Recorded data:
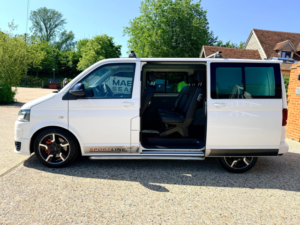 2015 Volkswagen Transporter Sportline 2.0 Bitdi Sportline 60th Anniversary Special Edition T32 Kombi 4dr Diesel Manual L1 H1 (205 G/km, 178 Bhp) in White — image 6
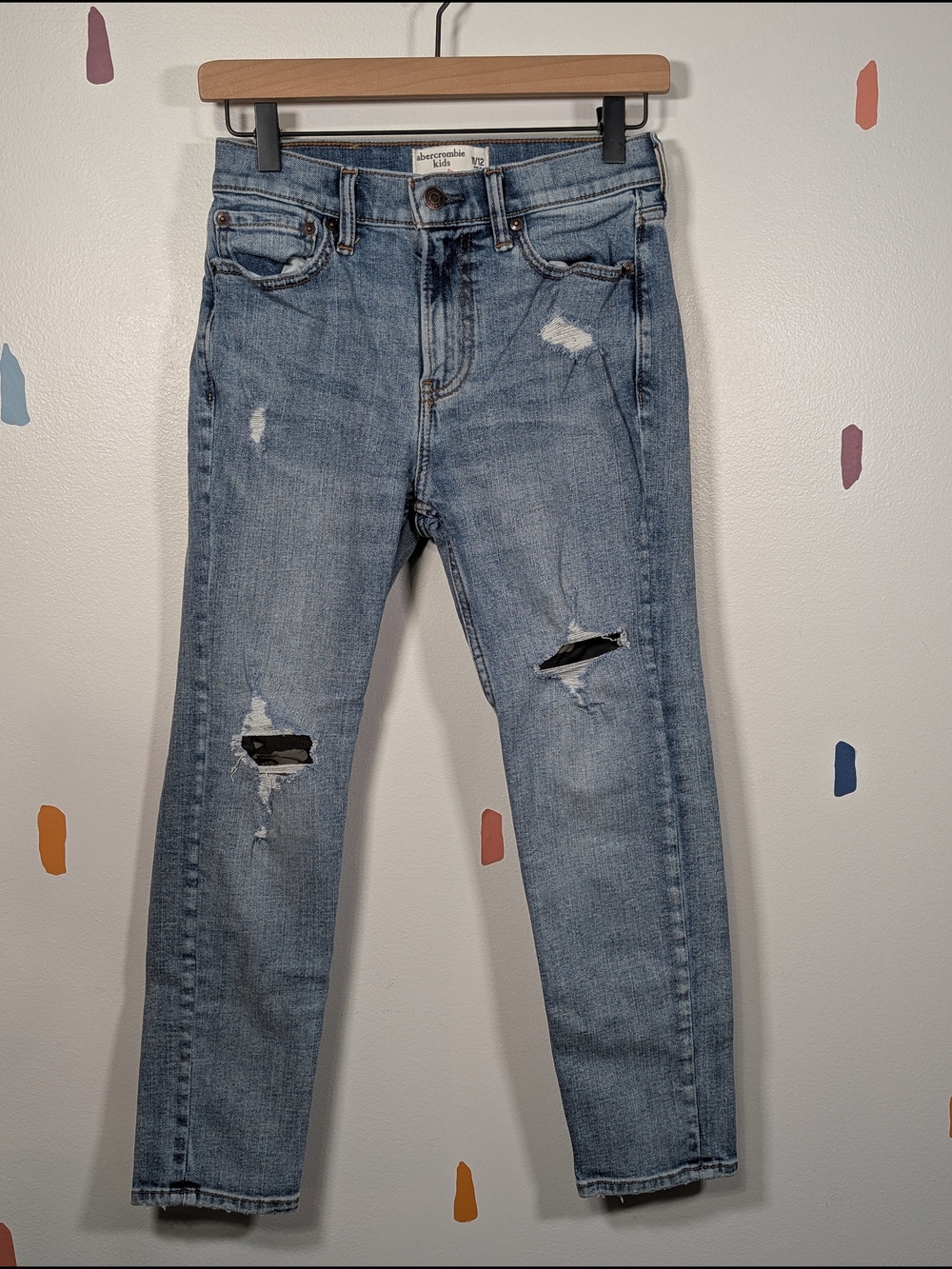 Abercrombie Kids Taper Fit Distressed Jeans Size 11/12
--
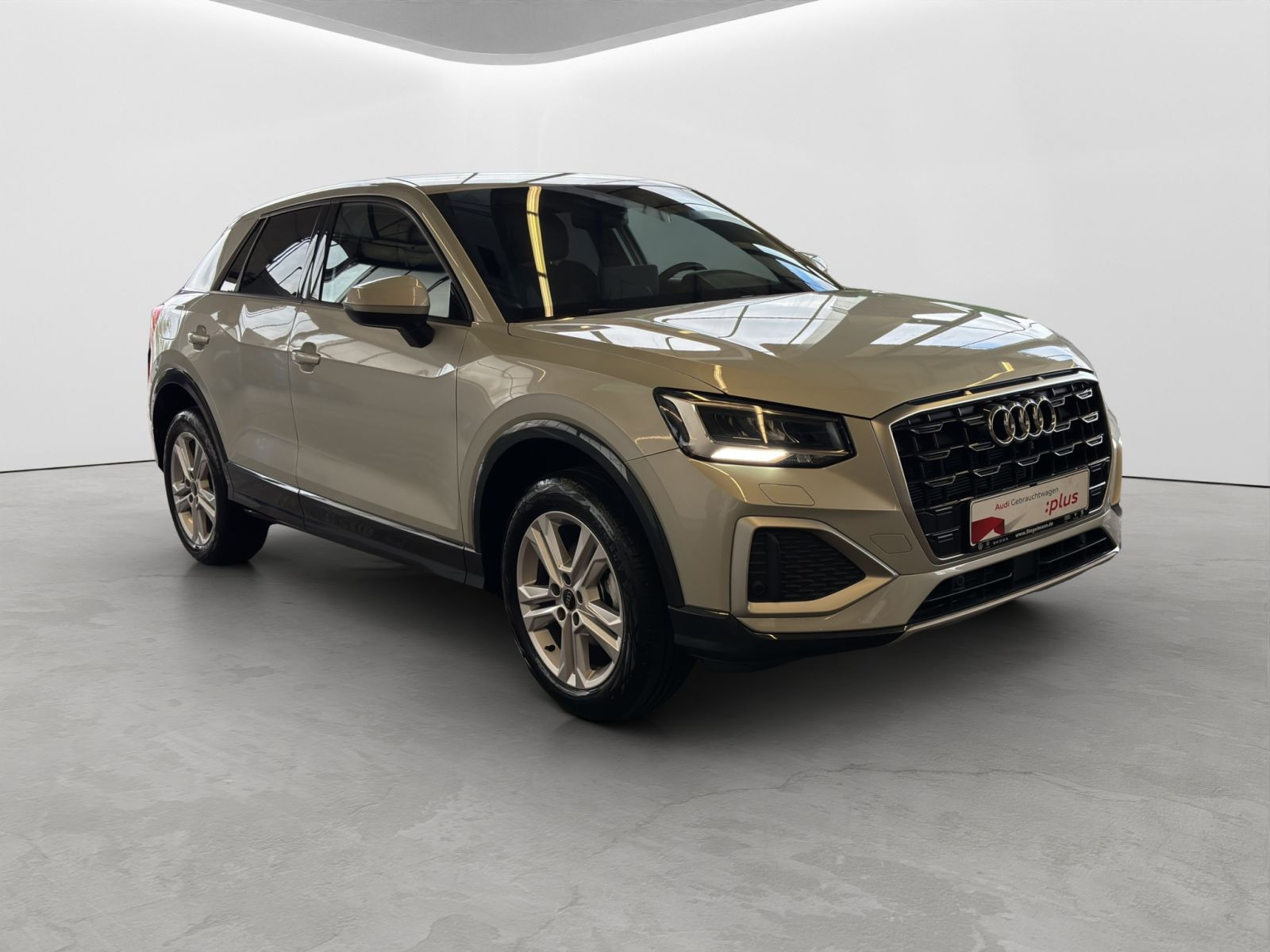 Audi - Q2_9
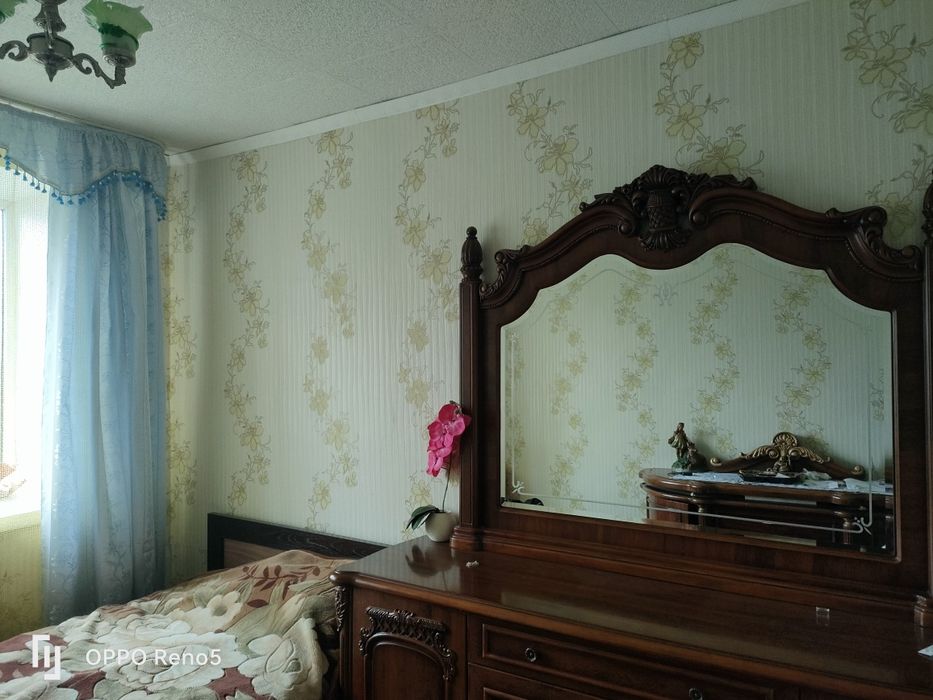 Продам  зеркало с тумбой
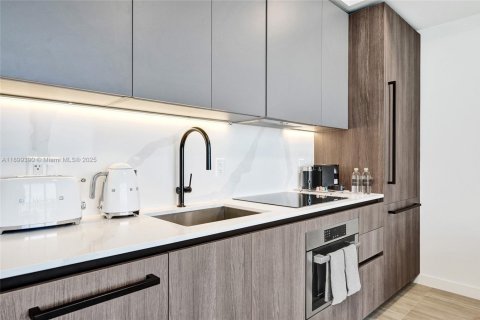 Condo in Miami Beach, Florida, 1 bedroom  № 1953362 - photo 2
* * *
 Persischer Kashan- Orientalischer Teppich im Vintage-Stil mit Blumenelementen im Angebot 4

Problem statement: Leave out the images and write out the lines above exactly, from the one with "Audi - Q2_9" up to and including the one with "Condo in Miami".

Solution for this exercise:
 Audi - Q2_9
 Продам  зеркало с тумбой
 Condo in Miami Beach, Florida, 1 bedroom  № 1953362 - photo 2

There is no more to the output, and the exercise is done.